Hi, at my sailing club, we reglarly launch and recover yachts up to 32 feet, using tractors or a large winch for the heavier boats ( my own is a 25' bilge keel Cobra). On my trailer, I have 2 docking arms at the rear of the trailer to guide the boat on, and to catch the bow, I have 2 vertical arms at the front of the trailer arranged so that with the boat in position, the two front arms are about 2 feet back from the bow and touching the rubbing strake. This allows the bow to rise and fall without moving forward and back relative to the trailer. To hold the boat in position while pulling the trailer up the slip, I have a long line (old halyards) either side and taken back to the genoa winches, these lines are set up level, from the front docking arms, so that when the boat settles down onto the trailer, they don't effectively get 'longer' this stops the boat from moving back. The docking arms are substantial, made from scaffolding pole and have plastic drainpipe slid over to protect my gelcoat.

Hope this helps, Peter
 
Thanks everyone for your time and helpful comments. I believe that I have gained useful insight and I'm ready to make some modifications to the trailer and have an other go. Work means that this will not be until later in the year but I will post how I get on.

Regards,
Kees
 
Sorry. Only just seen this post. I had an 18 ft bilge keel boat and had the same problems. The point is that the bow post and rubber block need to be there so that you can confidentially position the boat for it's best balance and to prevent the boat sliding forwards during road transportation.

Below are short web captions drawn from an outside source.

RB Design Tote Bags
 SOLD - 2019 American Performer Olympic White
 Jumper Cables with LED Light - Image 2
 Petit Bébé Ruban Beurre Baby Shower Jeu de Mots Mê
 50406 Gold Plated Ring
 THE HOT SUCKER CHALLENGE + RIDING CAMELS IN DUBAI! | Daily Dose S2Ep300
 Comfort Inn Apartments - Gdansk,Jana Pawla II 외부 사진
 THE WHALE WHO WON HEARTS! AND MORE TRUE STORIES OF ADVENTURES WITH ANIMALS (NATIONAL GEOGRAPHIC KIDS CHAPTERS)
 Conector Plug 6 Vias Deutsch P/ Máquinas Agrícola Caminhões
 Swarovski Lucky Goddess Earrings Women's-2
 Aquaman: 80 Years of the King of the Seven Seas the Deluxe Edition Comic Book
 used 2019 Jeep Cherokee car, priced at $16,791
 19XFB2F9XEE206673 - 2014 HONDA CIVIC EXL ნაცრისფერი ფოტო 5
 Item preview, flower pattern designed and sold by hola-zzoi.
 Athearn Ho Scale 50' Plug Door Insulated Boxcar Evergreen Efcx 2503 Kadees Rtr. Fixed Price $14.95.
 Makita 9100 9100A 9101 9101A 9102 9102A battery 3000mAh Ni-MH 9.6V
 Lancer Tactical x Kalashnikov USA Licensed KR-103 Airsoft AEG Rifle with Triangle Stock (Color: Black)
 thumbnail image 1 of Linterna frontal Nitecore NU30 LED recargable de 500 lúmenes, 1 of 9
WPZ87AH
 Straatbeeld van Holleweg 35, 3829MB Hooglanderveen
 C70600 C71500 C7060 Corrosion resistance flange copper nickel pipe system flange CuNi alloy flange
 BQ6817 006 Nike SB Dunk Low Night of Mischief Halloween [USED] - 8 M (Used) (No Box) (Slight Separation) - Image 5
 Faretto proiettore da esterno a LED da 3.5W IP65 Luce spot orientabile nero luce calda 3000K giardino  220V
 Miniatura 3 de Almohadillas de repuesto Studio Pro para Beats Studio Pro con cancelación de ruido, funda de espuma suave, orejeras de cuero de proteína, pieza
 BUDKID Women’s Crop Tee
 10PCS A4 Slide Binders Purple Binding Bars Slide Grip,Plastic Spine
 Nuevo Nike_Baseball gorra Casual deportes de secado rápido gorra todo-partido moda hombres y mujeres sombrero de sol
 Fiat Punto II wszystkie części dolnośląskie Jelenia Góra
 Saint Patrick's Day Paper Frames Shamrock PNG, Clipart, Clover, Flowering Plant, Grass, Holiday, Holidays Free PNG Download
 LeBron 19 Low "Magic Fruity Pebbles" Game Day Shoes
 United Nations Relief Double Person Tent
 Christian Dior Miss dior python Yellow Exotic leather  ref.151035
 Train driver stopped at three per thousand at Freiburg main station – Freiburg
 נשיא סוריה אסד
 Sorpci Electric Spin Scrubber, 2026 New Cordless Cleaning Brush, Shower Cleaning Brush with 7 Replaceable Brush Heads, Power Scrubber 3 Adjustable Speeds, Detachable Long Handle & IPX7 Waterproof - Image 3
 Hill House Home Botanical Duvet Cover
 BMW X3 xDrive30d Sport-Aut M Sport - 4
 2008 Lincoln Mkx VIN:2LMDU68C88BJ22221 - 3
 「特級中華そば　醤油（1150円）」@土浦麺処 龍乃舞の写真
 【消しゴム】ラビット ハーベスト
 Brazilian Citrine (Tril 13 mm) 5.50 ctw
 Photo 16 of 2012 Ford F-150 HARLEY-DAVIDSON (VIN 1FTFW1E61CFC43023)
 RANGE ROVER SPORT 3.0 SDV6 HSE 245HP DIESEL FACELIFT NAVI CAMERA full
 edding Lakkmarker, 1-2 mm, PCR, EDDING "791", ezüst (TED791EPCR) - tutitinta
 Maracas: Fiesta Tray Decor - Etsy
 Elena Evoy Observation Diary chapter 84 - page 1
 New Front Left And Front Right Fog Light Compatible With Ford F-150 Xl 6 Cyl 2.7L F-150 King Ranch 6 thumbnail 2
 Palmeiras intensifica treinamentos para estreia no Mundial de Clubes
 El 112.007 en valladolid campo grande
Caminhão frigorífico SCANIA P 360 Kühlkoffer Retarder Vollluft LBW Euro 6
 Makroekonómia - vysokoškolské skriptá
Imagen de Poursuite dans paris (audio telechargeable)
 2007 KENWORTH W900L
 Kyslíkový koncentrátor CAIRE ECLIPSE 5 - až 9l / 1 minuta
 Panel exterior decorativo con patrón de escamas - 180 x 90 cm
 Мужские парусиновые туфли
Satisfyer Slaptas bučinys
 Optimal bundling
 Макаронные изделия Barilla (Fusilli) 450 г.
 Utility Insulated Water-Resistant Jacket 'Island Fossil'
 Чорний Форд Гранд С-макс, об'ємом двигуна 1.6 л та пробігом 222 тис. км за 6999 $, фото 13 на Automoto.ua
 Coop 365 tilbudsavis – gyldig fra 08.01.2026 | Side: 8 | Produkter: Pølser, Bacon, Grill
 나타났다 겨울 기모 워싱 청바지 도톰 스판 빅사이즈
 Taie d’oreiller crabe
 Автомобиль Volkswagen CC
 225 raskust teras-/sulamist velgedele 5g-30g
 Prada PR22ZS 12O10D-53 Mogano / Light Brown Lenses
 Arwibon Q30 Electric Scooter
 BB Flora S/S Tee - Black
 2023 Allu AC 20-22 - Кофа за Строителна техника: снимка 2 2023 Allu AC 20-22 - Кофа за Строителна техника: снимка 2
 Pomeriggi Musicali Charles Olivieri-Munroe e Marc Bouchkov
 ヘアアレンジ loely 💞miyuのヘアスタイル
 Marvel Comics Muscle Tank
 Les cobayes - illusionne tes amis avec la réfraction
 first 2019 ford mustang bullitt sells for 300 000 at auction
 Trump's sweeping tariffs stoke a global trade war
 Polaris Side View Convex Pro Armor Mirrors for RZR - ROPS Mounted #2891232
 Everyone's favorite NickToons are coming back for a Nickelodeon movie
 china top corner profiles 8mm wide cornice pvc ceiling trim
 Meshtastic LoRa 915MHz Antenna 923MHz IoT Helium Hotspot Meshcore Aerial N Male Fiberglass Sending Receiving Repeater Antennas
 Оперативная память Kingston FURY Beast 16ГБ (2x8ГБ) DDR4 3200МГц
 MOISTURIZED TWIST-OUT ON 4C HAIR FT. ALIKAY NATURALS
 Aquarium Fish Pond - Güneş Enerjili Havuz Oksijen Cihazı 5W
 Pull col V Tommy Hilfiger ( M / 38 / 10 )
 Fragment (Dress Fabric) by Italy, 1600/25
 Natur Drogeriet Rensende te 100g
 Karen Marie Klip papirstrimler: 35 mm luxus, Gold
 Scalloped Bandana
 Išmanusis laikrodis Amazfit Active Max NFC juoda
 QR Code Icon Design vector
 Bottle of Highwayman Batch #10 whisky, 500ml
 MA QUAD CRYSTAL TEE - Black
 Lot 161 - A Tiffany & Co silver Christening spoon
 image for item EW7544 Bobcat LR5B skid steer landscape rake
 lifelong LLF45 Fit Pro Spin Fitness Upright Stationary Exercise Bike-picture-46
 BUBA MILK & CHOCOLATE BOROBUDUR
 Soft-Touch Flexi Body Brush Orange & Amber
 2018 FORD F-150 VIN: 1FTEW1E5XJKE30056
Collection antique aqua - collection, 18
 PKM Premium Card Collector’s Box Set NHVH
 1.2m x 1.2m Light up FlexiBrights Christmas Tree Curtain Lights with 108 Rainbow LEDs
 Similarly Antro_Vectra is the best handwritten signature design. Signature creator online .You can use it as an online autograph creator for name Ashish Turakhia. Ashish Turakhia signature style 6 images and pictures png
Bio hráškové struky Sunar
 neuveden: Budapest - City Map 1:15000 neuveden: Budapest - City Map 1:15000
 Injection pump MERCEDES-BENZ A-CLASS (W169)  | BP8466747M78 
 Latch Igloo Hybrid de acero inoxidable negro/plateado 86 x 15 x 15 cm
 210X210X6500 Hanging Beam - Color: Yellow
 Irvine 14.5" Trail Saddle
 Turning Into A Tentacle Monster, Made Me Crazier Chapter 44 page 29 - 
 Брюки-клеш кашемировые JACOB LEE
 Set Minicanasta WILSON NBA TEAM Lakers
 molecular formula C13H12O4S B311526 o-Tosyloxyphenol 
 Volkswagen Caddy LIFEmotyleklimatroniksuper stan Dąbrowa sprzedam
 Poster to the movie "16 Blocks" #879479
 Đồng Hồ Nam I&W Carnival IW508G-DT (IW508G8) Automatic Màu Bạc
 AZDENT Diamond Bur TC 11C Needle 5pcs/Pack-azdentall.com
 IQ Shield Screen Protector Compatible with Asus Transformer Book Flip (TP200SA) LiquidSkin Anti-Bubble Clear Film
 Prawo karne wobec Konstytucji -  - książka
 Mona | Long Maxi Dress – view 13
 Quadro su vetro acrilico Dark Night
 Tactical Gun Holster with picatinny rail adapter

Herein lies the clue. It may sound a bit agricultural, but it works a treat. Recover as you have been doing. Keep the warp on so the boat doesn't slide off backwards as you drive up the slip. When you get to level ground, and whilst the keels and trailer are still wet drive forward and brake suddenly. The boat will slide up the the bow post.
Sounds horrific doesn't it? Not a bit. You don't need to be doing 20 mph a brisk walk pace will do it. You just need to be sure the boat doesn't skew as it slides forward, which is why it works best when still wet.
An option is to fit a stainless U blot in the stem, like MOBOs have, just above the rubber block height and secure the winch cable to that when docking the boat on the trailer. This can hold the bow against the rubber block as you leave the water without the problems of pulling the bow down or letting it float backwards like a warp over the bow roller does.